Economic reports released during the last week of the quarter were a bit disappointing. The second and final revision of first quarter GDP showed the economy growing at an even 2.0% annualized pace, down from the previous estimate of 2.2%. However, Treasury Secretary Steven Mnuchin, while cautioning that he had no advance knowledge, said “We’re expecting a big second quarter GDP number,” citing the Federal Reserve Bank of Atlanta’s current projection of 4.7%. Consumer confidence figures for June came in below expectations. The Conference Board’s consumer confidence index fell more than two points to 126.4 from 128.8 in May whilethe University of Michigan’s consumer sentiment index ended the month at 98.2, up slightly from a month earlier but down from the mid-June reading. Both surveys showed a decline in future expectations. That may have played a role in weaker consumer spending in May, which rose a lower-than-expected 0.2%, down from the prior month’s 0.5% increase. Personal incomes, however, rose 0.4%, in line with expectations. The core personal consumption expenditures index, the Fed’s preferred inflation indicator, rose 0.2% in May and 2.0% versus a year earlier excluding food and energy, the latter figure the biggest annual gain since March 2012, indicating that inflation is heating up.
Housing figures were mixed. Pending home sales fell 0.5% in May, the fifth straight monthly decline on an annualized basis, but sales of new homes jumped 6.7% to an annualized rate of 689,000, well above forecasts, helped by a 1.7% cut in the median price of a new home to $313,000. The S&P CoreLogic Case-Shiller national home price index also showed price gains moderating somewhat, with the 20-city index rising 0.2% in April, down from March’s 0.4% gain. Elsewhere, durable goods orders fell 0.6% in May, dragged down by a 4.2% drop in vehicle orders, while orders for core capital goods slipped 0.2%, down from the prior month’s upwardly revised 2.3% jump.
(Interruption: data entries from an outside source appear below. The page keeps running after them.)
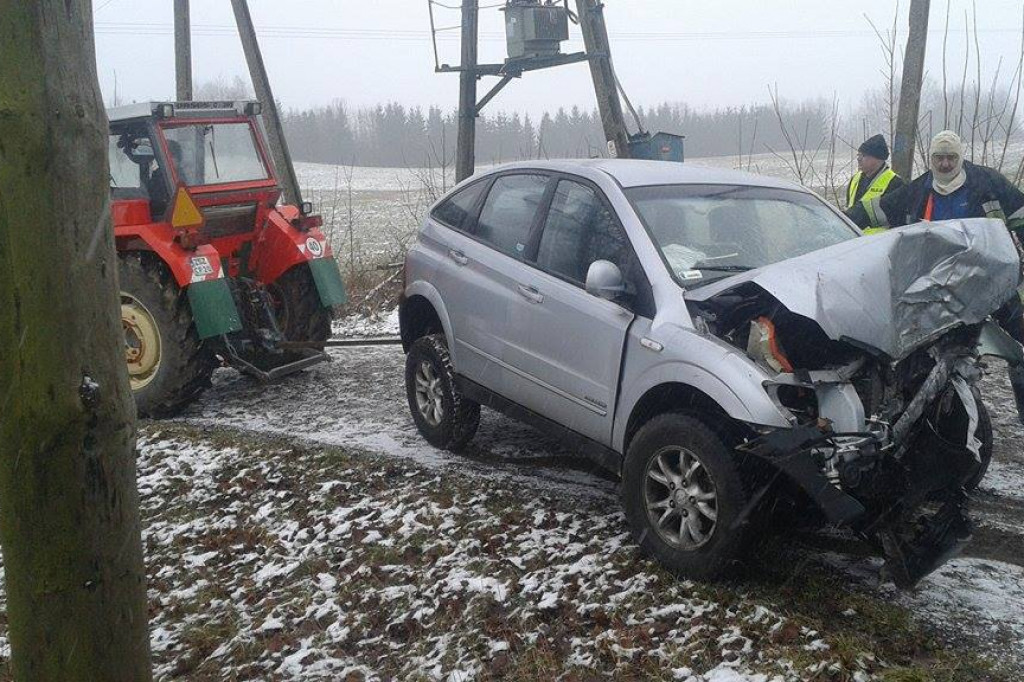 SsangYong uderzył w drzewo. Kierowca trafił do szpitala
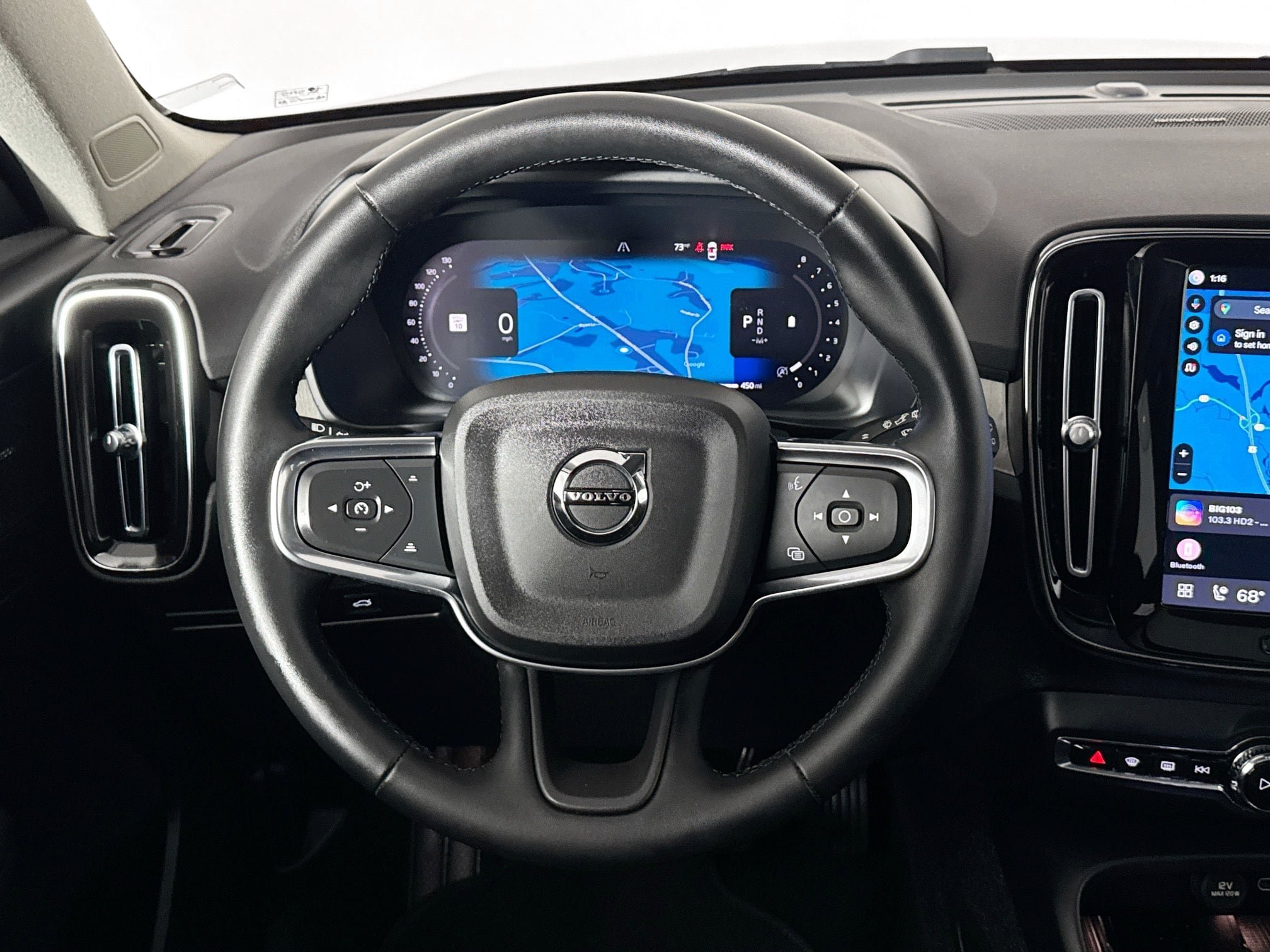 Used 2023 Volvo XC40 B5 Ultimate AWD/4WD image 25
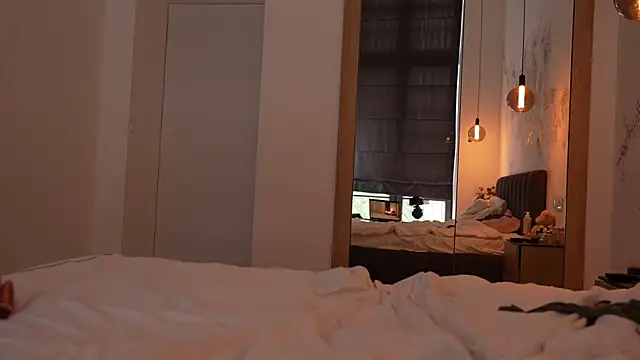 XXX chat uživo modela ibiddi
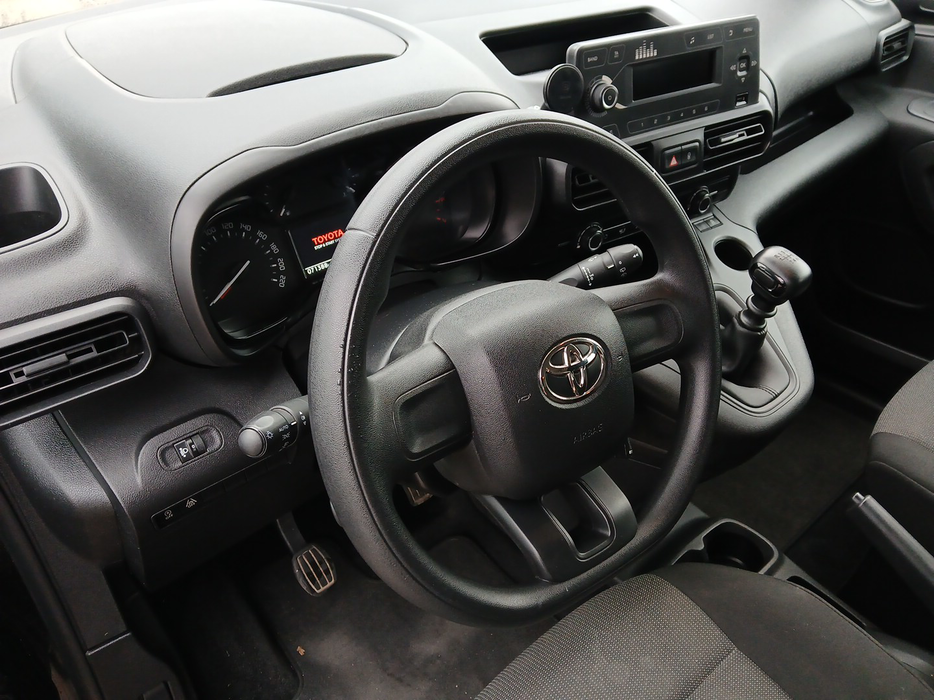 Zdjęcie kokpitu i kierownicy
Reports/dates/facts/links worth paying attention to over the next week:
1. July 2: Institute for Supply Management manufacturing index for June; construction spending for May.
2. July 3: Factory orders for May; auto sales for June.
3. July 4: U.S. markets closed for Independence Day.
4. July 5: Weekly unemployment claims; national employment report for June; ISM non-manufacturing index for June; the minutes of the Federal Reserve’s June 13 monetary policy meeting are released.
5. July 6: Employment situation for June.